File Delivery Retry logic

In this topic, you will find details about the retry logic implemented for file delivery operations in MFT (Managed File Transfer) when interacting with endpoints.
Explore the different types of errors by entity, including those that are retryable and those that are not, as well as the two primary retry policies.

Endpoint operations

For all external endpoint types, MFT performs the following operations on the endpoint as needed:

Connection Attempt
Get List of Files
Download File
Upload File
Delete File
Rename File
File Exists Check
Folder Exists Check

Error types by entity

Depending on the error, it may be an error related to the Endpoint, Flow Endpoint, or an individual File.

Endpoints
- Connection Interrupted / Timeout
- Authentication Failure
- Bucket (S3) /Container (Azure) - Doesn't exist
- Unknown Host
- No Permission / Misconfiguration
Flow Endpoints
- Connection Interrupted / Timeout
- Folder Not Found
- No Permission / Misconfiguration
File
- Connection Interrupted / Timeout
- No Permission / Misconfiguration

Non-retryable errors

The following error types will not be retried and are not captured by the retry policies:

Authentication Failure
Unknown Host
Bucket/Container - Doesn't exist
(Get List of Files) Folder Not Found
No Permission / Misconfiguration

Retryable errors

Any errors not in the above list are retried automatically. Some examples include:

Connection Timeout
Connection Interrupted

Retry policy(s)

We have two primary retry policies, one for the ‘Connect’ operation and another for all other operations. In general, both retry policies implement an exponential time delay between attempts. The time delay includes some jitter in the time.

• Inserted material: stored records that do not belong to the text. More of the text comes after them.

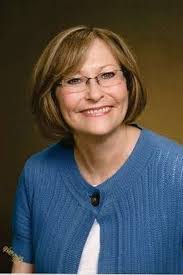 Lana May's Instagram, Twitter & Facebook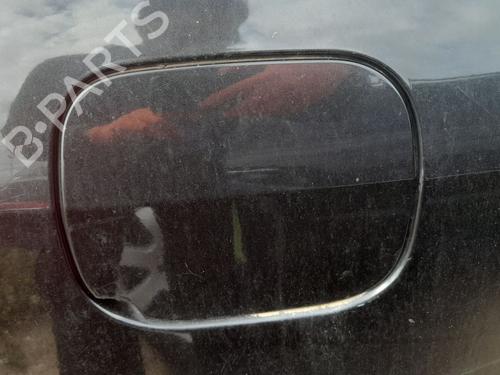 fuel-flap-renault-clio-iii-br01-cr01-2005-2006-2007-2008-2009-2010-2011-2012-2013-2014-33037196 main image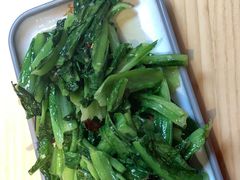 -秋金小炒·特色川菜(大洋店)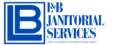 L and B Janitorial Serv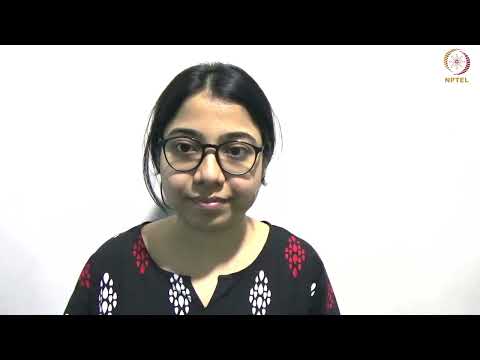 Quantum Algorithms and Cryptography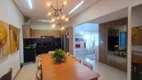 Foto 4 de Casa de Condomínio com 4 Quartos à venda, 275m² em Residencial Lago Sul, Bauru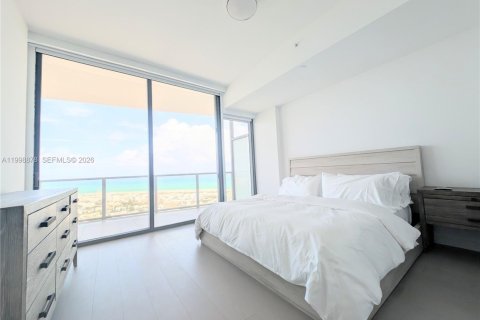 Condo in Miami Beach, Florida, 3 bedrooms  № 2060773 - photo 10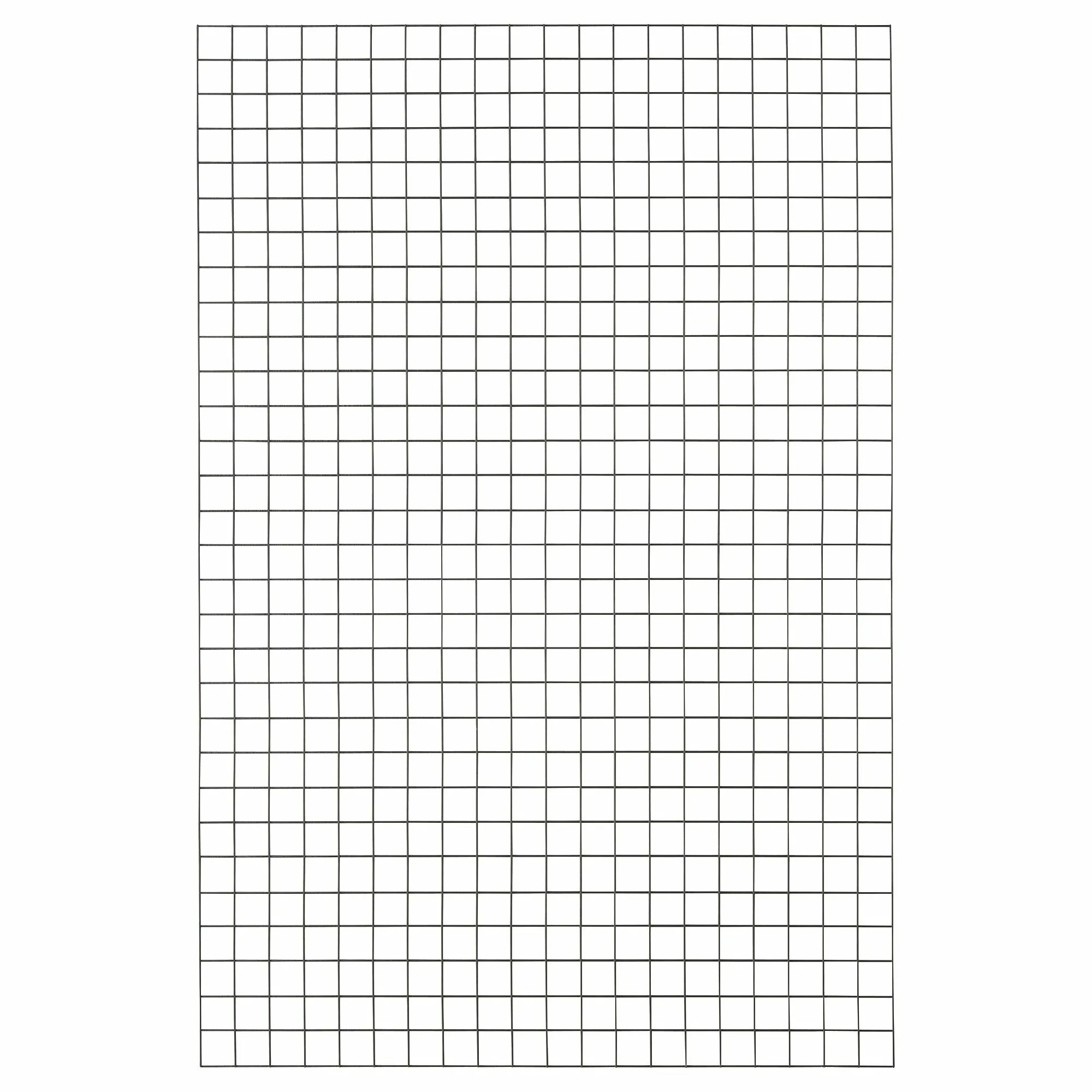 Handson gaaspaneel antraciet 102x150 cm Karwei Groen, Buitenprojecten, Klimplant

For the ‘Connect' retry policy: We retry for a maximum of three minutes before ultimately failing.
- Example 1 - MFT attempts to connect to an External S3 bucket. The operation times out after 100 seconds. We wait approximately two seconds (2^1) before trying again. The operation fails again after 100 seconds. At this point, the overall attempt has lasted over 200 seconds, which is more than three minutes, and we will terminate it.
- Example 2 - MFT attempts to connect to an External SFTP server. The operation fails due to unknown network reasons after five seconds. We wait two seconds and try again. The operation fails again, and we wait again, this time for four seconds. This process repeats until the sum of all time spent (attempts + waits) exceeds three minutes.
For the ‘Other’ retry policy: We retry based on the number of attempts. If an error is retryable, we will retry 10 times (up to 11 attempts). The total wait time between all attempts will be approximately 15-17 minutes.
- For example, MFT begins to download a file from an External FTP server. During the transfer, the connection gets terminated. We will wait two seconds before trying again. This process repeats if the failure persists, until the maximum ‘wait’ time between attempts exceeds 392 seconds.

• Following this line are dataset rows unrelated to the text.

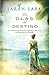 Las olas del destino by Sarah Lark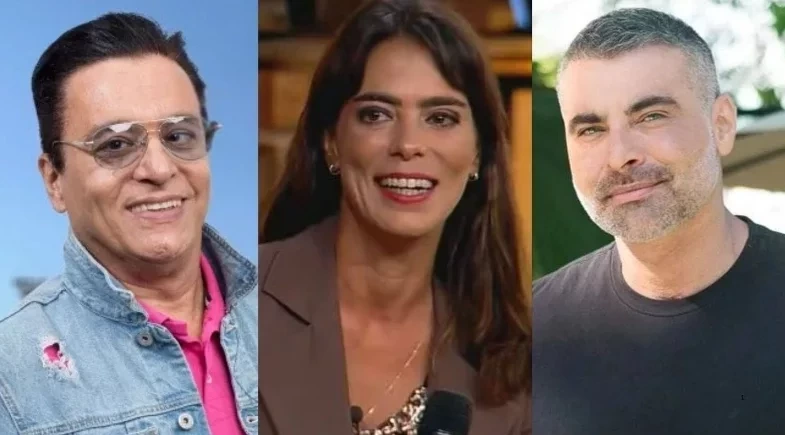 Além de JP Mantovani, relembre outros ex-participantes de 'A Fazenda' que já morreram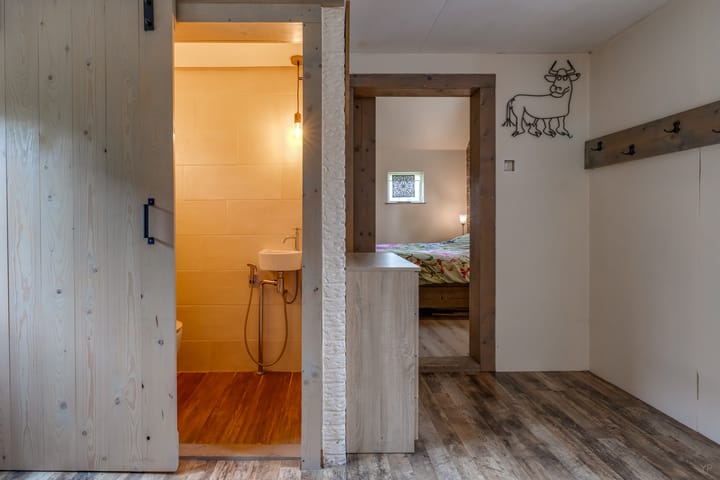 Photo 20 of Hunzelaan 8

Both attempts (attempts + wait) take more time, depending on the error.
For example, a 'Timeout' error typically takes longer to occur, sometimes up to 60 seconds.
The user will be notified via an Alert for all operations that exhaust retry attempts. In addition, if the error was for an individual file, the file will be marked as 'Error' state in the system and will not be retried further.

There are a few mechanisms in the system that can help manually retry operations:

FlowEndpoint schedule - Will retry Connection Attempt failures
'Run Endpoint Now' API call (source & target) - same result as FlowEndpoint schedule
'Replay' feature (individual file)